Başbuğ'un verdiği teminat ile Genelkurmay'ın mevcut icraatları ters düşüyor.
Daire Başkanı olarak terfi ettirilen Albay Dursun Çiçek de halen görevinin başında.
Bu mudur hukukun üstünlüğüne ve demokrasiye saygı?
Vatan gazetesinde "güvenilir askeri kaynaklara" dayandırılarak dün yayınlanan bir haber yaşananların nedenine dair önemli ipuçları veriyor.
"Güvenilir kaynak", askeri personele sivil yargılama yolu açan yasanın Anayasa Mahkemesi'nde Kasım ayında görüşüleceğini, sonucunun beklenmesi gerektiğini söylüyor.
Oysa, Anayasa Mahkemesi söz konusu yasal değişikliği iptal etse de bir şey değişmiyor.
Eski yasaya göre de general rütbesinin altındakiler sivil mahkemelerde yargılanıyordu.
Nitekim Albay Çiçek, yeni yasal düzenlemeden önce sivil mahkemece tutuklanmıştı.
"Güvenilir kaynak" tarafından ileri sürülen bir diğer oyalama gerekçesi ise, Çiçek'in soruşturmasının Ankara Başsavcılığı'na sevk edildiği şeklinde.
Bu da gerçeği yansıtmıyor.
Yetkisizlik kararı verilerek Ankara'ya sevk edilen dosya "sahte evrak" ile ilgili araştırmadan ibaret.
"Kim sızdırdı" ile ilgili şikâyet talepleri de incelenmek üzere Kadıköy'e gönderilmişti.
Zira hem "sahte evrak" hem de "sızdırma" konusu Ağır Ceza'nın yetkisinde değil.
Buna karşılık 250'nci madde kapsamına giren ana dosyanın soruşturması İstanbul'un yetkisinde sürdürülmeye devam edildi.

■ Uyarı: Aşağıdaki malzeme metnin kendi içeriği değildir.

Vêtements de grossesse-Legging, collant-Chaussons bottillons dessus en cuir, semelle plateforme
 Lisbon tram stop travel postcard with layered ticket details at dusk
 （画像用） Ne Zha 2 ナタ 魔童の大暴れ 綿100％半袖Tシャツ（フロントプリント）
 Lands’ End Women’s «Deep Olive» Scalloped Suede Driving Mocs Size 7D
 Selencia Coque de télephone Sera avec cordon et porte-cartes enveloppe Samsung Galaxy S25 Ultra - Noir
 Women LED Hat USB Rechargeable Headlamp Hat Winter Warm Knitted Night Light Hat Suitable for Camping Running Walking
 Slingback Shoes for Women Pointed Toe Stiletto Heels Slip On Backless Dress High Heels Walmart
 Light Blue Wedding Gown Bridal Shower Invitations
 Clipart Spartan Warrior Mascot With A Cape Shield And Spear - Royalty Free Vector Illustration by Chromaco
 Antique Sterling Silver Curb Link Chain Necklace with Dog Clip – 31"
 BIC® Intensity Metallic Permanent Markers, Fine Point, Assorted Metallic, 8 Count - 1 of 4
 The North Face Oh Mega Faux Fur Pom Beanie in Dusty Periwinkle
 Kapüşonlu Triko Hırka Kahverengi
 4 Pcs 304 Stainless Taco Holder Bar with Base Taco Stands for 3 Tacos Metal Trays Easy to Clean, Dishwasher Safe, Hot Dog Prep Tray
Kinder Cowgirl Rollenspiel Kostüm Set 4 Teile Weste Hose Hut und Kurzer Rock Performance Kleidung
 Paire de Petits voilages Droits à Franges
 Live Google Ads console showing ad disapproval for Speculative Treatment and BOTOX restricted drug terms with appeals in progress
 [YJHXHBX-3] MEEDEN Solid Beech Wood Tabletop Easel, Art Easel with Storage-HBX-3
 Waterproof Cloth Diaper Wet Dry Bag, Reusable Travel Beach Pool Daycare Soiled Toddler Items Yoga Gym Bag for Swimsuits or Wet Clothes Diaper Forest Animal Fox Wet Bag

Bazı uzmanlar ise "ıslak imza" skandalının "TSK ile hükümetin arasını açmak" için olduğunu ileri sürüyor.
Evlere şenlik bir sulandırma... 27 Nisan bildirisini, lahikaları, eylem planlarını da herhalde bu "fitne-fesat merkezleri" yazmıştır!!!
Uyanın! Askeri cunta mensuplarının, hükümeti devirmek için hazırlanan darbe planına suçüstü yapılıyor.
Hangi ilişkileri bozmaktan bahsediyorsunuz?
Kendimizi ve kamuoyunu kandırmaya çalışmaktan vazgeçelim.
Türk demokrasisi yeni bir "hukukun üstünlüğü" sınavı veriyor.
"Halkına savaş açanlar" mutlaka yargı önüne çıkarılmalı.
Bu soruşturmaya destek vermek, suçluları TSK içerisinde barındırmamak Başbuğ'un onur borcu.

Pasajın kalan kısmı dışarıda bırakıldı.